Why Millions Of Nigerian Graduates Are Unemployed — FG
The federal government has explained that millions of graduates in the country are unemployed because they do not have specific skills required for the job market.
The Permanent Secretary, Federal Ministry of Education, Arch. Sonny Echono, who said this, Thursday, in Abuja, at a two-day National Conference on Technical and Vocational Education and Training, TVET, explained that the development “has created a shortfall of the adequately skilled educated workforce which is one of the major constraints to the growth and development of our nation.”
The conference was organised by the Federal Ministry of Education in collaboration with the Skills Development for Youth Employment, SKYE programme, funded by the German Federal Ministry of Economic Development and implemented by the German Development Cooperation, GIZ.
“Most of the graduates produced in various universities of technology, polytechnics, colleges of education (Technical) and technical colleges nationwide do not have specific skills required for the job market (market-relevant skills).
“The situation results to having millions of Nigerian graduates that are unemployed,” he said.
Speaking at the event aimed at repositioning the technical and vocational education and training through policy and legislative options in Nigeria, Echono explained that given the situation, the present administration’s emphasis is majored on Technical, Vocational Education and Training (TVET) and skill acquisition, adding that, it was “born out of the recognition that TVET is the bedrock of socio-economic growth and development of any nation.”
Echono said, “Government at all level has been making frantic efforts to equip the youths by establishing technical colleges, polytechnics, mono-technics, Vocational Enterprise Institutions (VEIs) and Innovation Enterprise Institutions (IEIs) and Model Skills Training Centers (MSTC) for equipping youths/learners with technical and vocational skills through formal and non-formal channels across the states of the federation.”

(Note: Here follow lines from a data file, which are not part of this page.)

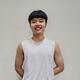 chan peng - Individual - Taiwan - StageLync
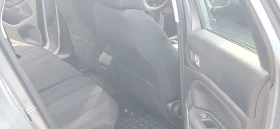 Peugeot 308 2.0HDI EURO 6 | Mobile.bg � ����� ������ 11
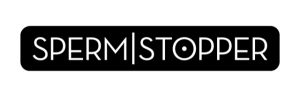 SPERMSTOPPERx2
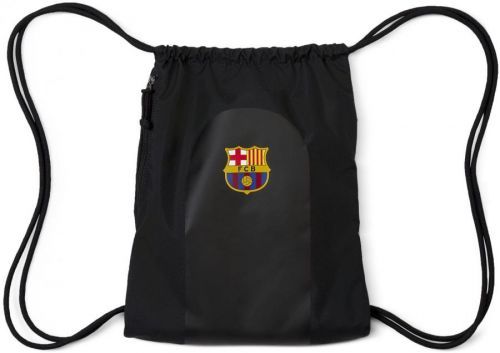Gymsack Nike FCB NK GMSK - SU22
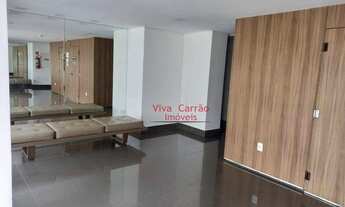 Imagem 4: Ótimo apartamento com 02dormitorios na av. Melchert, para locação!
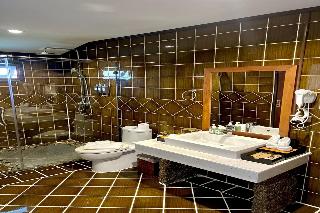Na Mantra Resort Sha By Zuzu fotoÄŸrafÄ±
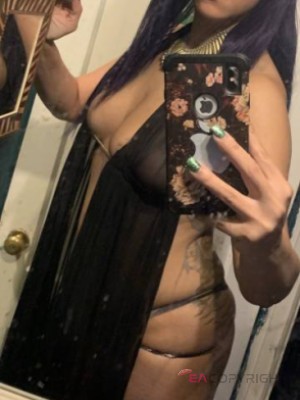 sexyflower Albany, New York Escort, BDSM, DUO, Couple, Massage, Verified Adult Service Provider, Companion in United States
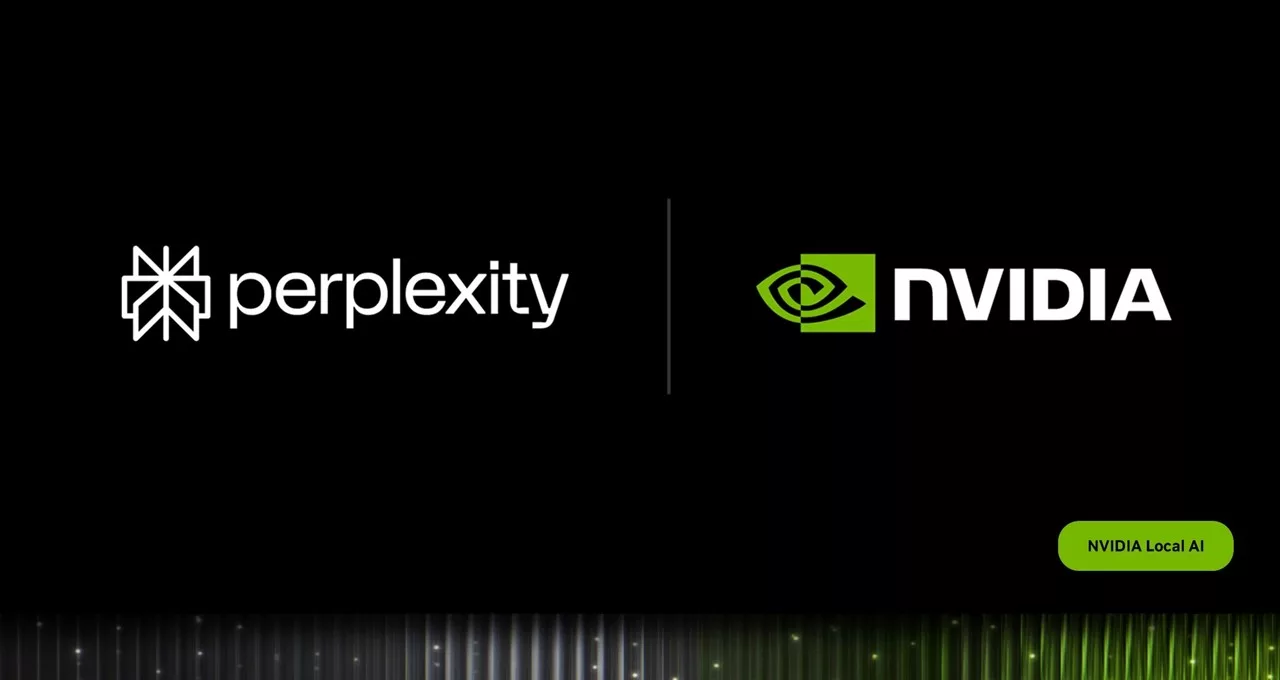 Perplexity’s Local AI Agent for Windows Requires 24GB VRAM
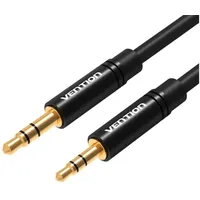 Vention Kabel - Audiokabel Miniklinke 3,5mm auf 2,5mm 1,5m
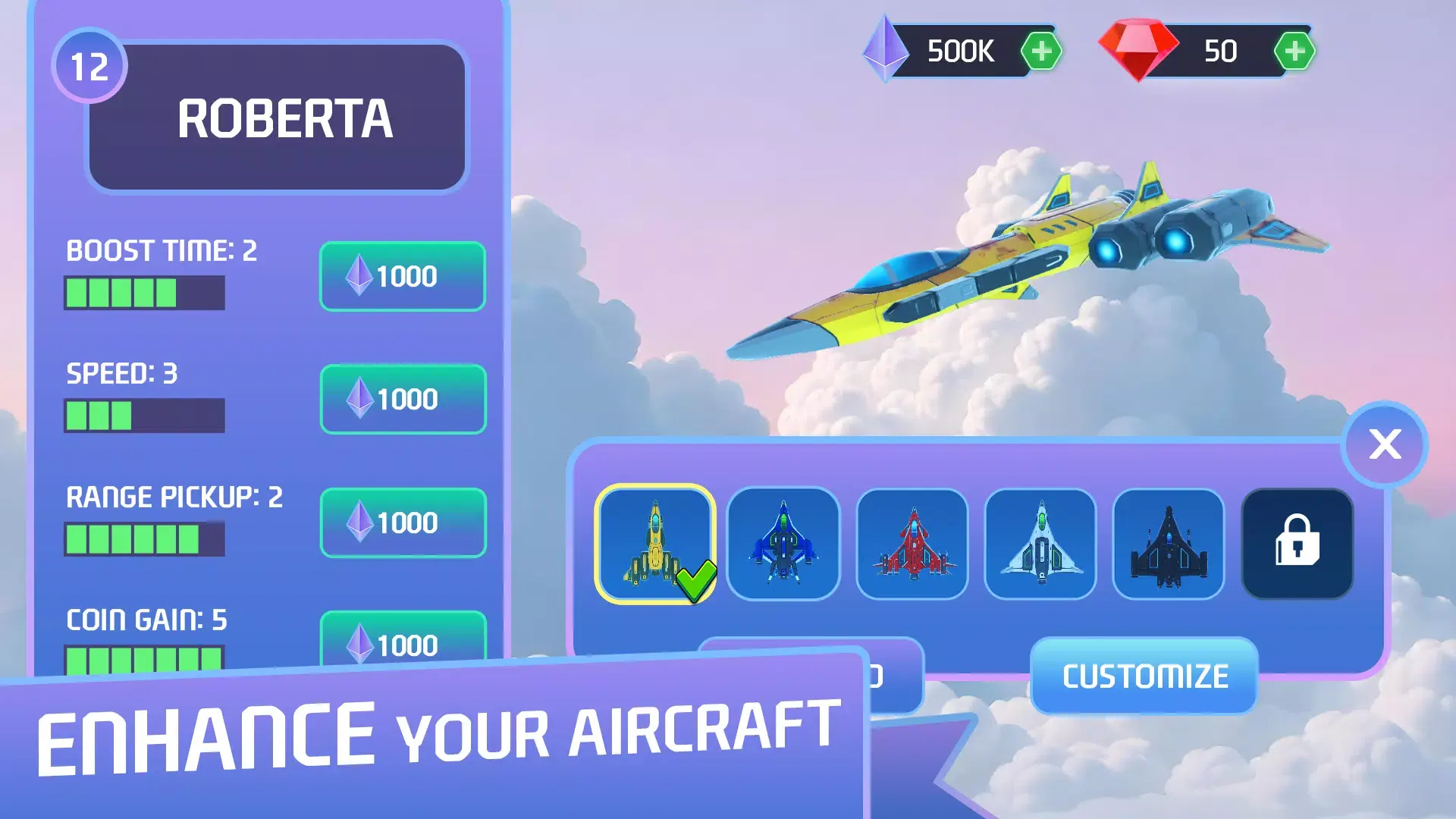 ��վ��ٴ�������2026�ٷ�����v0.1.2 �ֻ����ͼ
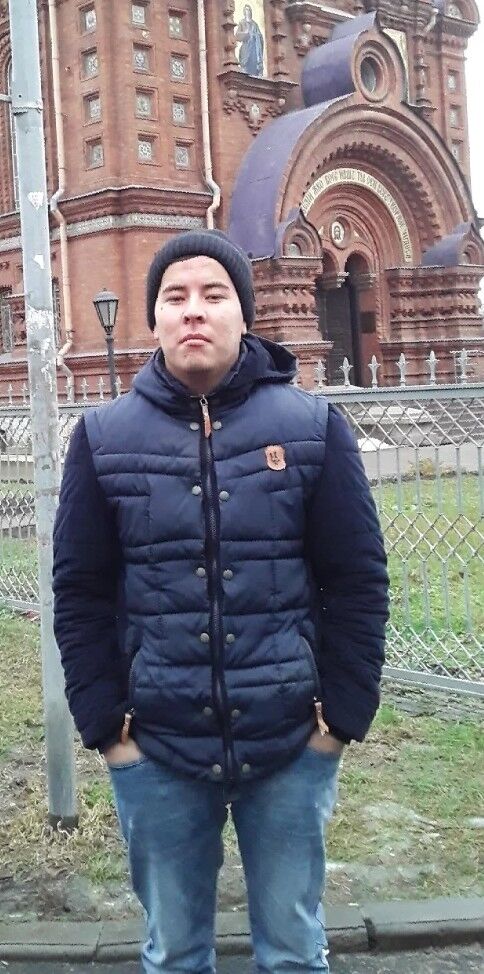  18717146  Sa, 27 ,    -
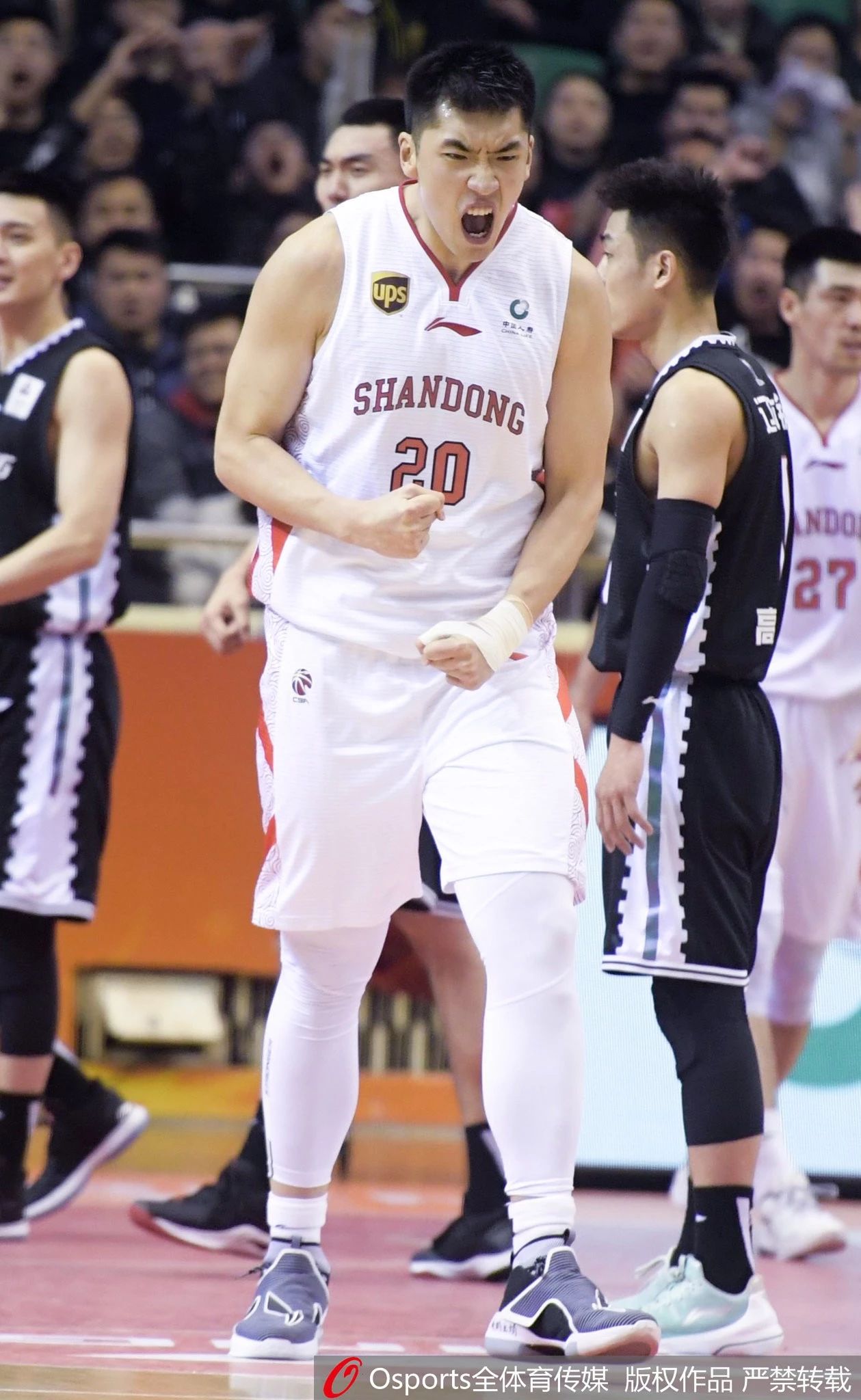 东南亚新晋球员入选国际联赛全明星赛的简单介绍 东南亚新晋球员入选国际联赛全明星赛的简单介绍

Speaking further at the conference, tagged: “Repositioning Technical and Vocational Education and Training (TVET) through Policy and Legislative Options” for National Development”, the Permanent Secretary explained that the “main focus of this conference is to develop synergy among the stakeholders of Technical and Vocational Education and Training (TVET) in Nigeria through policy and legislative options which will serve as a foundation for (TVET) development, coordination and effective implementation in Nigeria.
“There is no doubt that there is an epic gap between the skilled manpower required and that which is currently available,” he said.
According to him, “This initiative is highly welcomed by the Federal Government of Nigeria as it will further enhance the achievement of this Administration’s ‘Change mantra’ through an effective manpower development with a viable skill acquisition programme specifically in areas of technology, and other aspects of resourcefulness to enhance national development; hence the establishment of Skill Training Centers (STCs) especially now that government is making comprehensive efforts in youths skill capacity building through investment in Technical Vocational Education and Training (TVET).”
He commended the efforts and support of GIZ in bringing together all the stakeholders of TVET as think tanks in repositioning TVET through policy and legislative options.
“We sincerely hope that this will create a window opportunity for public and private establishments to further support and promote the development of TVET,” he added.
Speaking at the event, Head of Programme, Skills Development for Youth Employment, SKYE, Hans Ludwig Bruns, said it was the right time for all relevant stakeholders within the TVET sector to jointly work on the TVET reform process, adding, “This is needed to provide better vocational education for the young people in Nigeria”.
According to him, “Nigeria is currently facing tremendous challenges in terms of sustainable job creation and productivity.”
“The high numbers of unemployment and underemployment have become major socio-economic challenges over the past decade.
“It is connected to the issue of skills development, which is interlinked to the challenges of adjusting TVET policies, regulations, and implementation.
“It cannot be overemphasised that high quality and relevant vocational education and training is a prerequisite for economic development.
“The topic is a high priority in the reform agenda in many countries and Nigeria is not an exception.
“It is worthy to note that the Government of Nigeria has taken important steps forward in establishing the National Skills Council under the chairmanship of the Vice President of the Federal Republic of Nigeria, with the objective to develop skills for the nation through TVET.
“However, challenges are still remaining-Public education providers need to make education and training more relevant to the demand of the private sector.
“The momentum of reform to achieve good results is now and will need rapid steps to provide quality vocational education to the high number of young people who are already or will be joining vocational education and training in the coming years,” he said.